- **Your task**:
Write the listing out again word for word, leaving each picture behind.

◆ ◆ ◆ ◆ ◆

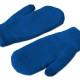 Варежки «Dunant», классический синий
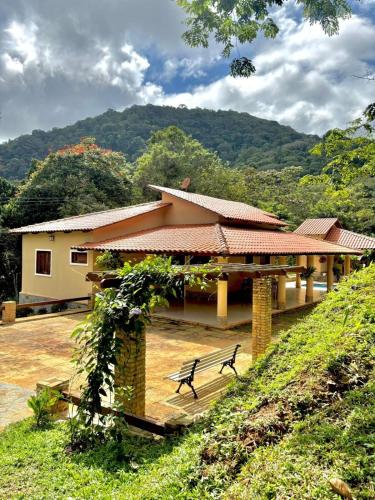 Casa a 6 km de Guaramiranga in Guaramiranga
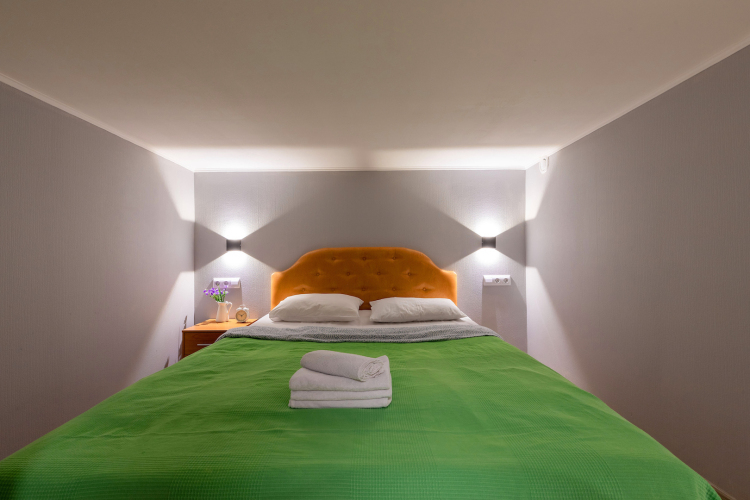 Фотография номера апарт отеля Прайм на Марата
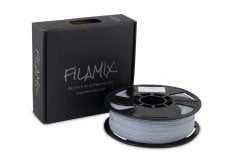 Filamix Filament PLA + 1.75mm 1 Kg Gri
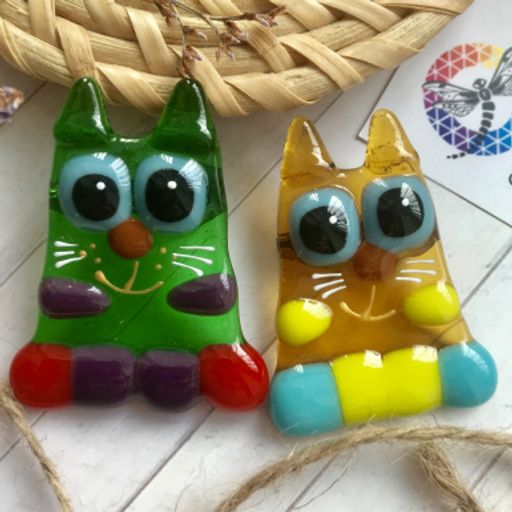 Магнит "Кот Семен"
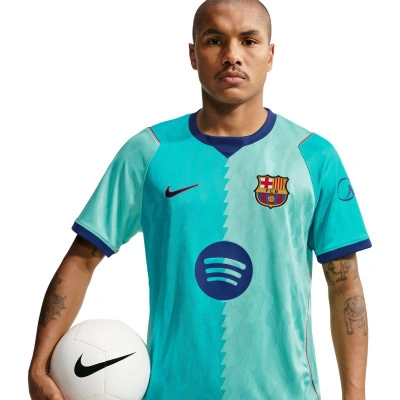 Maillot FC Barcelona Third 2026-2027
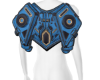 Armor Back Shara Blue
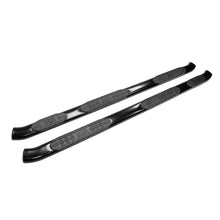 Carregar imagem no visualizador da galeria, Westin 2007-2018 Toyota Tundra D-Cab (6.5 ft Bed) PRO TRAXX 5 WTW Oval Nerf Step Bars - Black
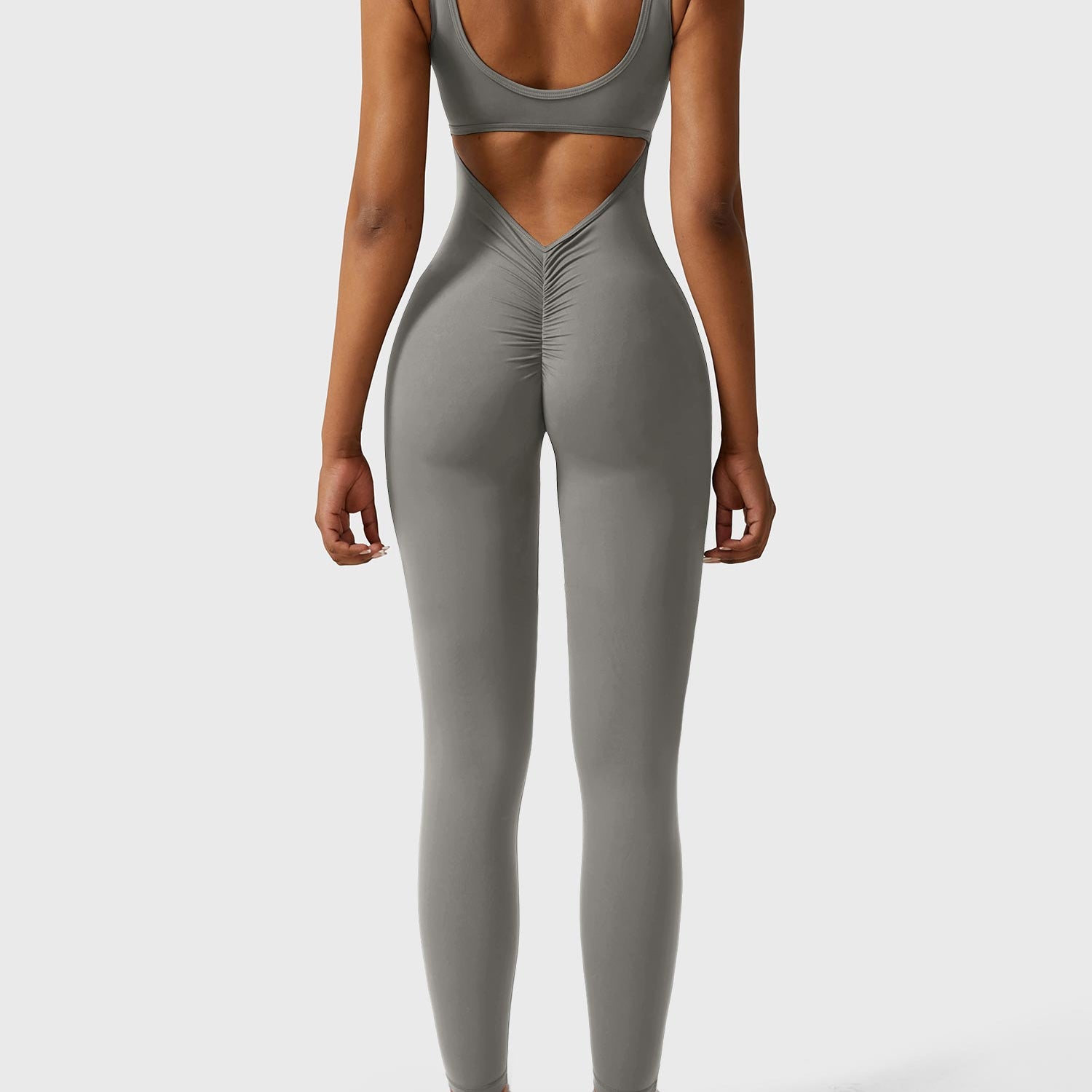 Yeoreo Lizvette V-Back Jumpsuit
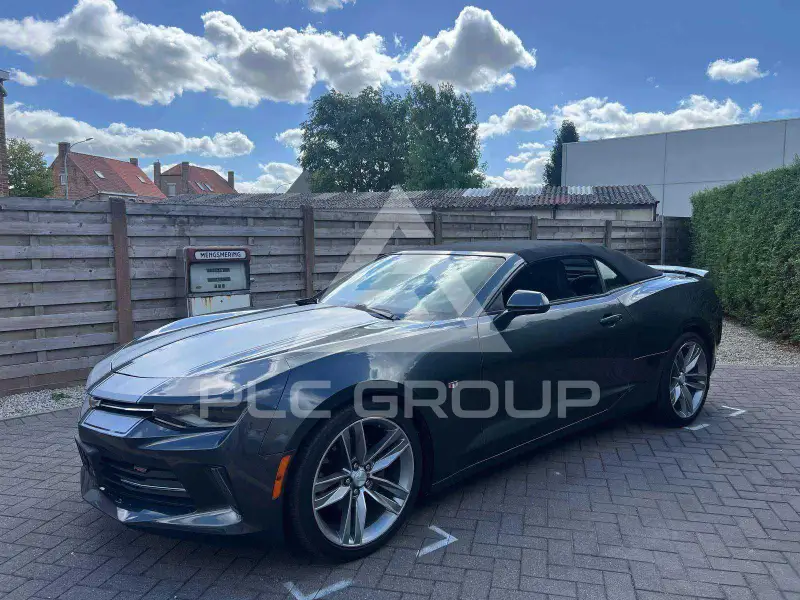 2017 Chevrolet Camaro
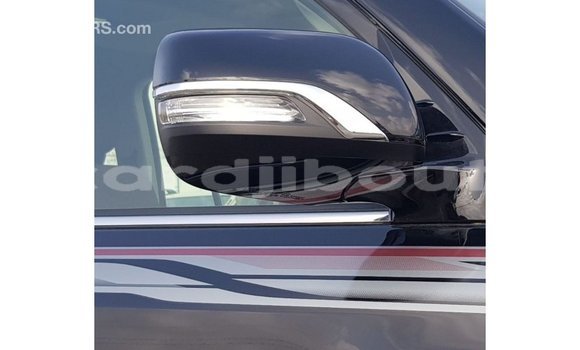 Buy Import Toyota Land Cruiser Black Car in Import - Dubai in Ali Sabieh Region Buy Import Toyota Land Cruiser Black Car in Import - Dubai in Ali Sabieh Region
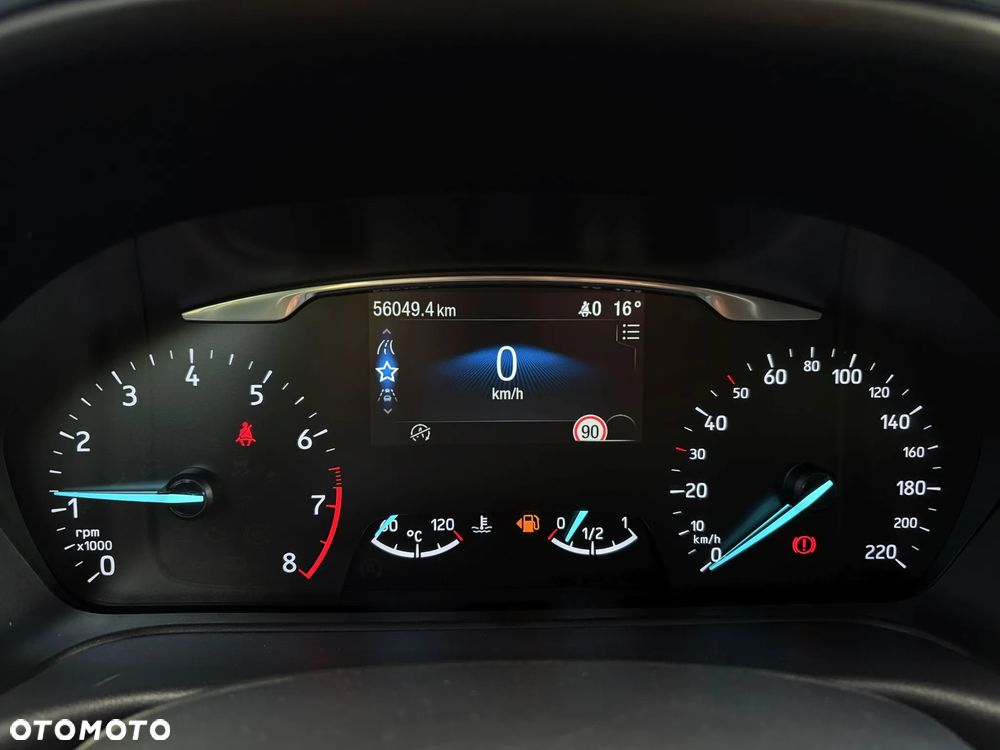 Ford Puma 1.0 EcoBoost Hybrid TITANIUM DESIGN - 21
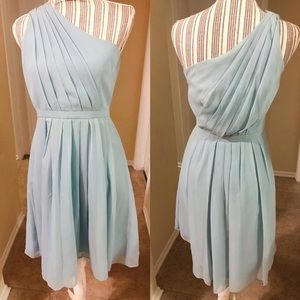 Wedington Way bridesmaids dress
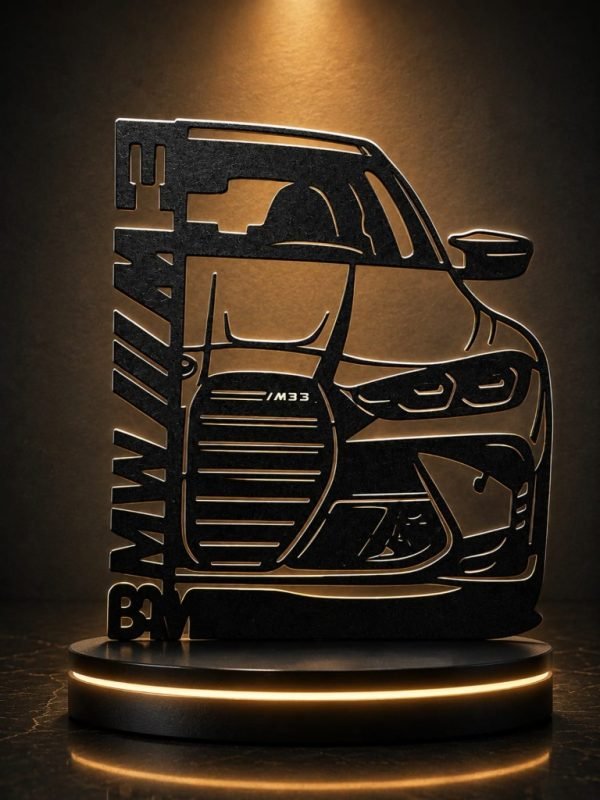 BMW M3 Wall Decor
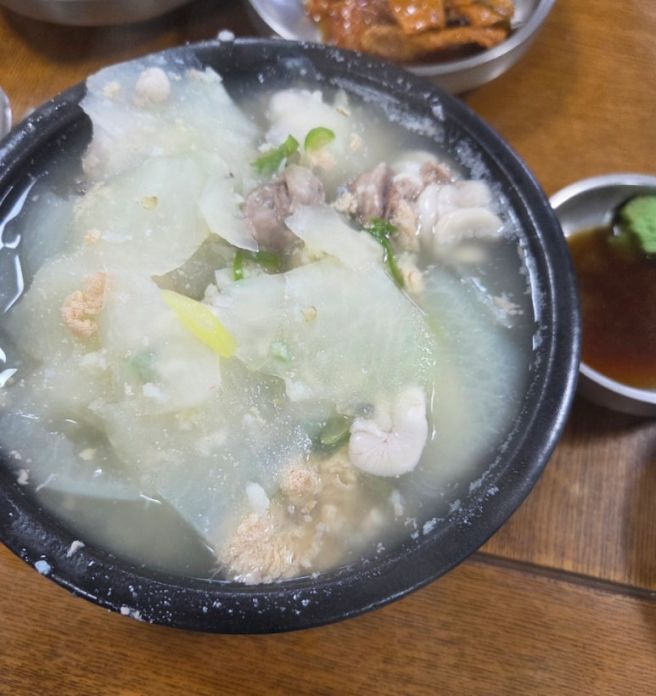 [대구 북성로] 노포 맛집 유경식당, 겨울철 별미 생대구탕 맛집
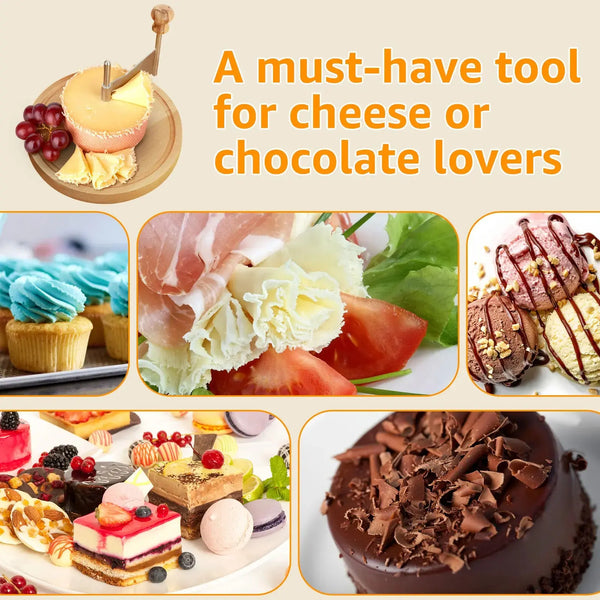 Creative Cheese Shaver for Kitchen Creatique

◆ ◆ ◆ ◆ ◆

- **Solution to the problem**:
 Варежки «Dunant», классический синий
 Casa a 6 km de Guaramiranga in Guaramiranga
 Фотография номера апарт отеля Прайм на Марата
 Filamix Filament PLA + 1.75mm 1 Kg Gri
 Магнит "Кот Семен"
 Maillot FC Barcelona Third 2026-2027
 Armor Back Shara Blue
 Carregar imagem no visualizador da galeria, Westin 2007-2018 Toyota Tundra D-Cab (6.5 ft Bed) PRO TRAXX 5 WTW Oval Nerf Step Bars - Black
 Yeoreo Lizvette V-Back Jumpsuit
 2017 Chevrolet Camaro
 Buy Import Toyota Land Cruiser Black Car in Import - Dubai in Ali Sabieh Region Buy Import Toyota Land Cruiser Black Car in Import - Dubai in Ali Sabieh Region
 Ford Puma 1.0 EcoBoost Hybrid TITANIUM DESIGN - 21
 Wedington Way bridesmaids dress
 BMW M3 Wall Decor
 [대구 북성로] 노포 맛집 유경식당, 겨울철 별미 생대구탕 맛집
 Creative Cheese Shaver for Kitchen Creatique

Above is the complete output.